Congressman Tonko talks Scientific Integrity at AGU

December 21, 2021 | 8:00 am
US House Office of Photography
Andrew Rosenberg
Former Contributor

This week, at the American Geophysical Union meeting in New Orleans (and virtually), my colleague Jacob Carter, research director for the Center for Science and Democracy at UCS led a session entitled, “How Is Science Doing in Washington? The State of U.S. Science Policy One Year Into the Biden Administration and Where We Go From Here”.  

The session was very fortunate to have Congressman Paul Tonko (D. – NY) as one of the panelists.  I thought many who could not attend the meeting would be interested in what Rep. Tonko had to say.  Below, with his permission, are his remarks, slightly edited for length:  

“Thank you to the Union of Concerned Scientists and the American Geophysical Union for inviting me to visit with you all.  It seems impossible to imagine modern society without publicly funded science. Our nation’s scientific agencies perform an invaluable function for the American people, and we’ve attracted some of the best and brightest scientific minds in the world. Their research has become the foundation for our most important work at all levels of government to protect public health, our environment, our economy, and so much more.

“Because this research is so powerful, political advocates and other special interests have long tried to influence, distort, or bury it when it doesn’t fit their views or serve their purpose. Through both Democratic and Republican administrations, I have seen this important work be thrown into the partisan fray where it does not belong. But, without question, the previous administration significantly raised the stakes.

“This is exactly why we need scientific integrity policies. The public we serve should know that our decisions and the policies that affect their lives are based on the best available information, regardless of political power or who is in the Oval Office.  As Chair of the House Energy & Commerce Subcommittee on Environment and Climate Change, and long-time member of the House Science, Space, and Technology Subcommittee on Research and Technology, I have made it one of my top priorities to right the ship of America’s science policy.

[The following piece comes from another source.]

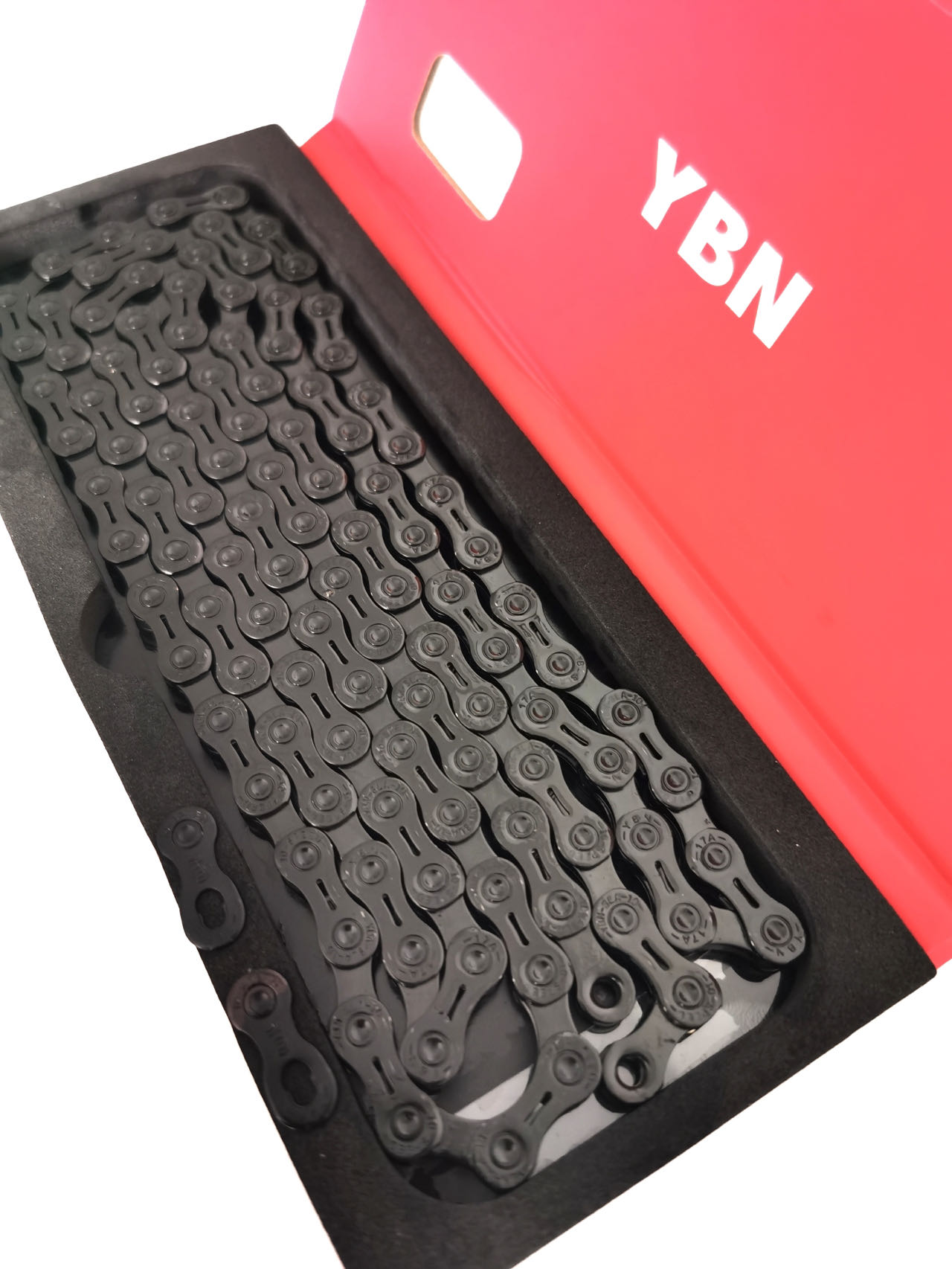 Rantai Sepeda YBN 10 11 12 Spe - Bicycle Chain Lubricant ulasan dan harga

“As part of that broad effort, I was proud to reintroduce the bipartisan Scientific Integrity Act in February of this year, and as of today it has racked up more than 175 cosponsors. This legislation establishes consistent scientific integrity policies across all agencies so scientists, members of Congress, and the American people can put our faith in federal research findings.

“More than 20 federal agencies have some form of scientific integrity policy today, but standards remain inconsistent. Some agencies lack these policies entirely, while others have strong policies and processes but little or no training for staff to use them. Still others, including EPA, have robust scientific integrity standards and strong enforcement, showing the positive impact that these policies can have for the American people.

“I know that the science leaders and members of AGU are keenly aware that America is facing unprecedented challenges in the form of a rapidly changing climate, environmental contamination, and countless other concerns that threaten our public health, national security, and general welfare.

“As we witnessed this weekend, Americans are living, and dying, in the path of unprecedented flooding, raging wildfires, and battering storms driven by Earth’s changing climate. It falls to us to set aside past disagreements and rise together to meet this challenge.

“We agree that climate change is real. We agree humans are driving it. We agree that we need to build solutions that meet the scale and urgency of the crisis we face. I am working in open and collaborative fashion to build legislation toward this end.

“When the Biden Administration’s Office of Science and Technology Policy releases their upcoming Scientific Integrity report, we intend to continue working in partnership with them and many of you participating in this panel. Specifically, we are working to shore up our oversight and enforcement language to ensure any violators of scientific integrity are held accountable and our publicly funded research is always made whole.

“I have been greatly encouraged by the Biden Administration’s early and forceful attention to the role of science in US policymaking and governing. Government-funded science is, after all, the product of political choices. For it to be sustained, we must leverage the momentum and take immediate action to establish strong scientific integrity policies as a standard across the federal government.

“I am looking forward to codifying scientific integrity policies in the remaining time we have in the 117th Congress so we can, finally, solidify public trust that federal scientific research is never hidden or manipulated.

“I want to thank everyone again for the invitation to join with you. Please do not hesitate to reach out to me and my office if there is anything we can do to assist you.”

Congressman Paul Tonko

The moral of the story is that things are happening in Washington in the administration and on the Hill. The path is complex, difficult, and uncertain.  But, hey, as scientists we are used to that!  And we don’t give up. With leaders like Paul Tonko, we know we have a real chance at progress.